START Data extracts

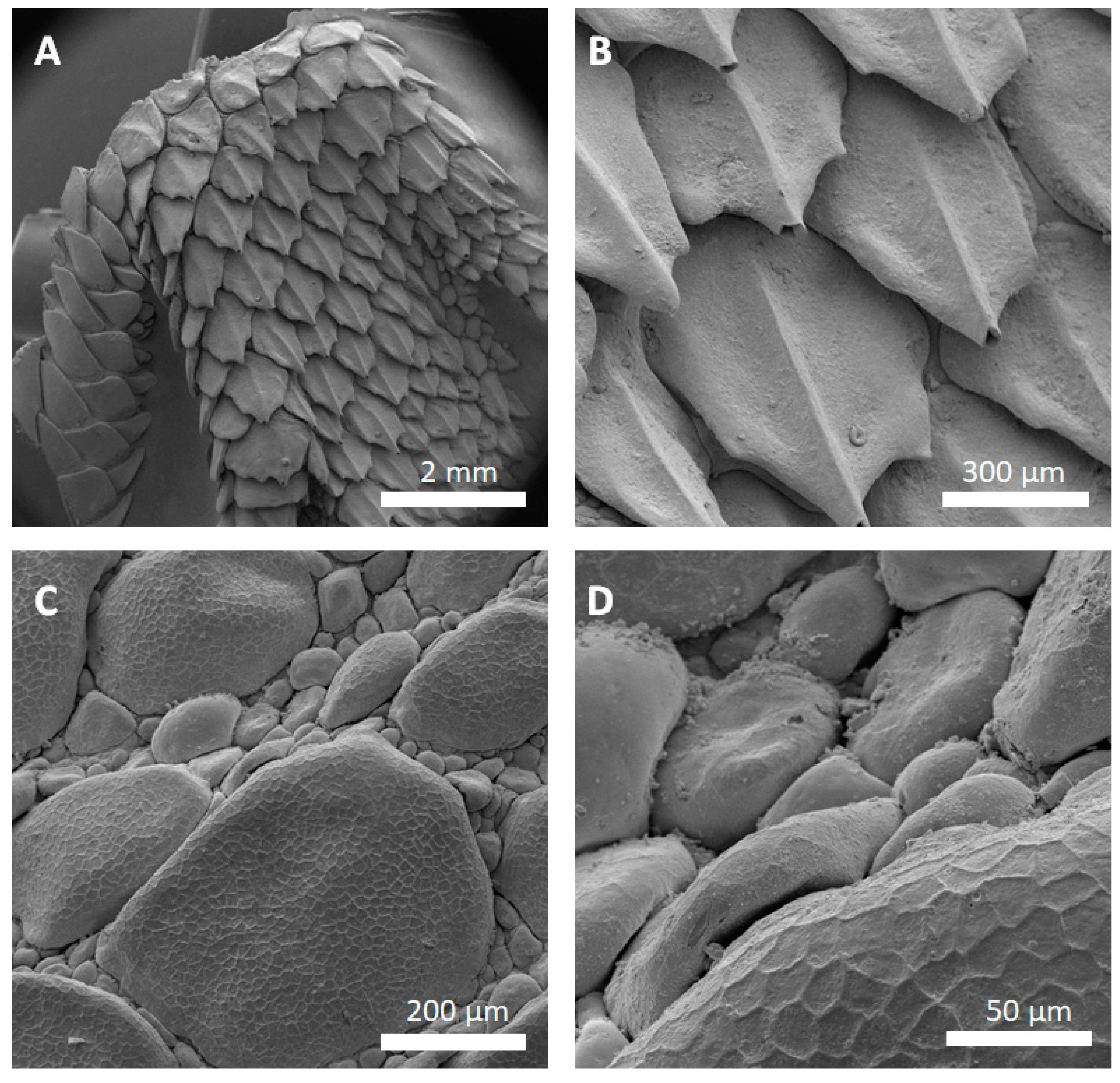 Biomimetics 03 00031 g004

END Data extracts
START Data extracts

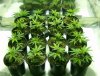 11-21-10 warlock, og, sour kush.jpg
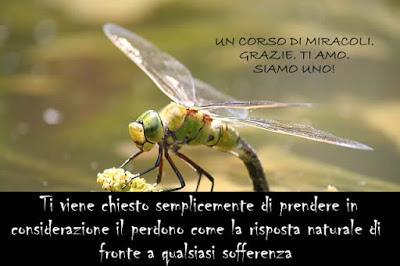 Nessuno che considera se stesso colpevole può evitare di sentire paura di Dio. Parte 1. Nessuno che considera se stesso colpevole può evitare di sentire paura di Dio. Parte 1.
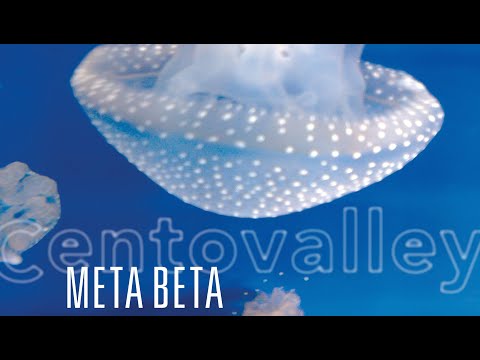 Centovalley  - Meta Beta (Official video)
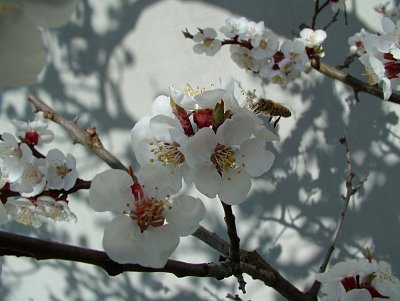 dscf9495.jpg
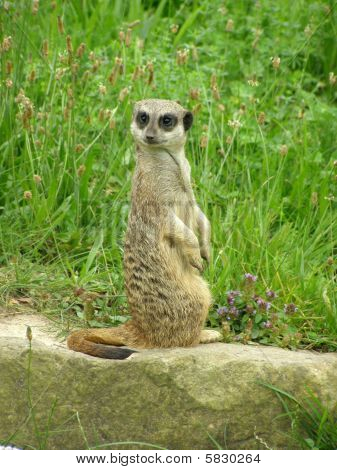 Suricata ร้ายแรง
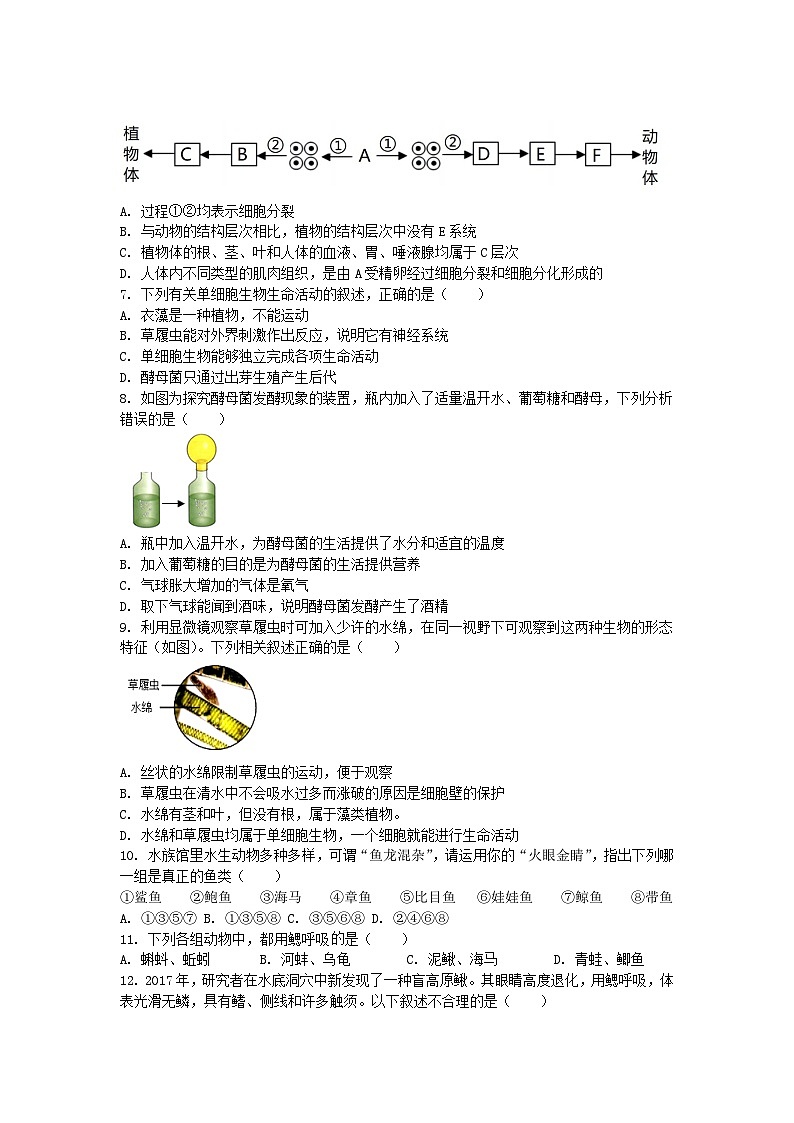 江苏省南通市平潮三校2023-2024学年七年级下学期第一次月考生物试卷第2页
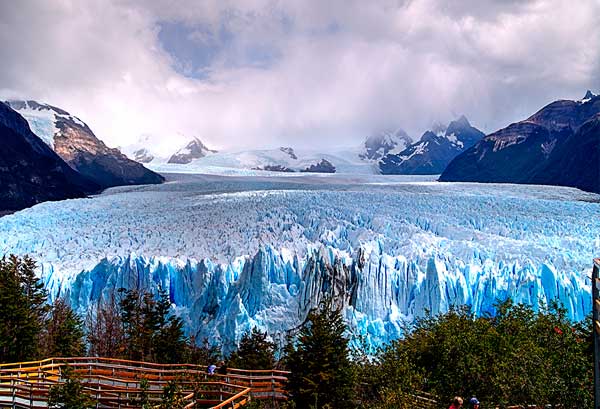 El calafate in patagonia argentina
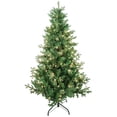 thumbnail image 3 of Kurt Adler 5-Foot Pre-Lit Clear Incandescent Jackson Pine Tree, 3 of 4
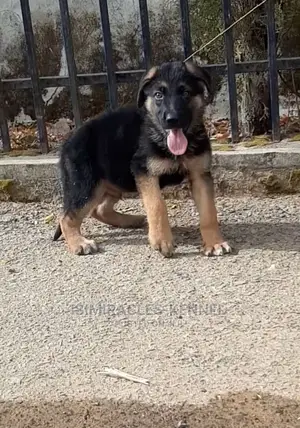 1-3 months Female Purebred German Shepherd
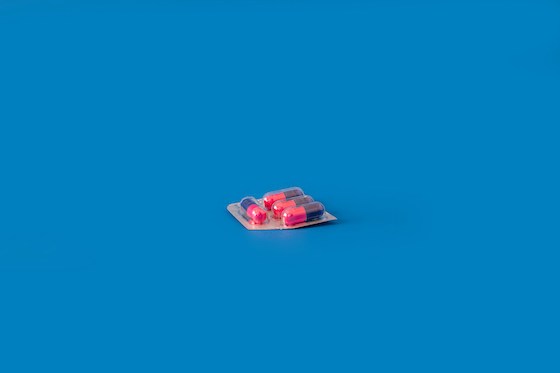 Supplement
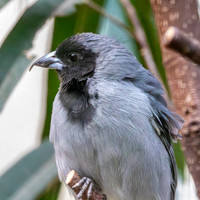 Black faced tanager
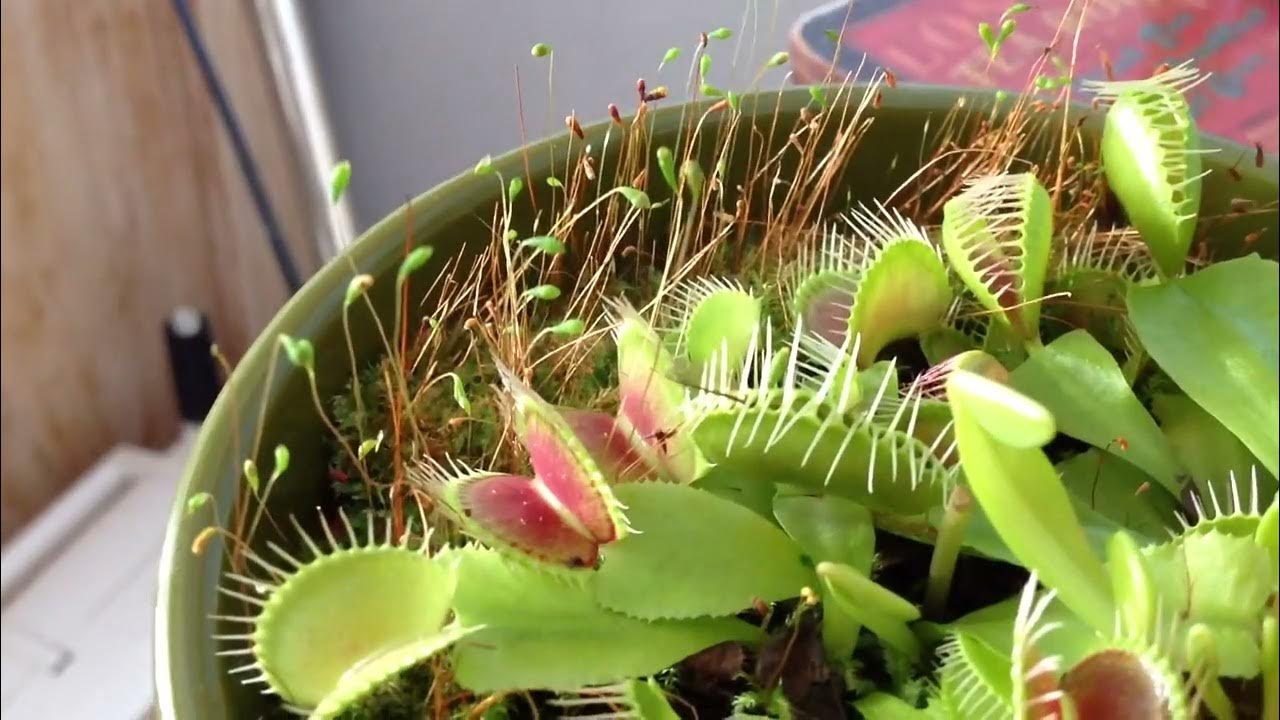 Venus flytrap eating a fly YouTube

END Data extracts

- _Exercise prompt_
From the records above, quote word for word only the lines beginning at the line that has "thumbnail image 3" and stopping after the line that has "Venus flytrap eating a fly YouTube". Omit the pictures.

- _Result of this exercise_
 thumbnail image 3 of Kurt Adler 5-Foot Pre-Lit Clear Incandescent Jackson Pine Tree, 3 of 4
 1-3 months Female Purebred German Shepherd
 Supplement
 Black faced tanager
 Venus flytrap eating a fly YouTube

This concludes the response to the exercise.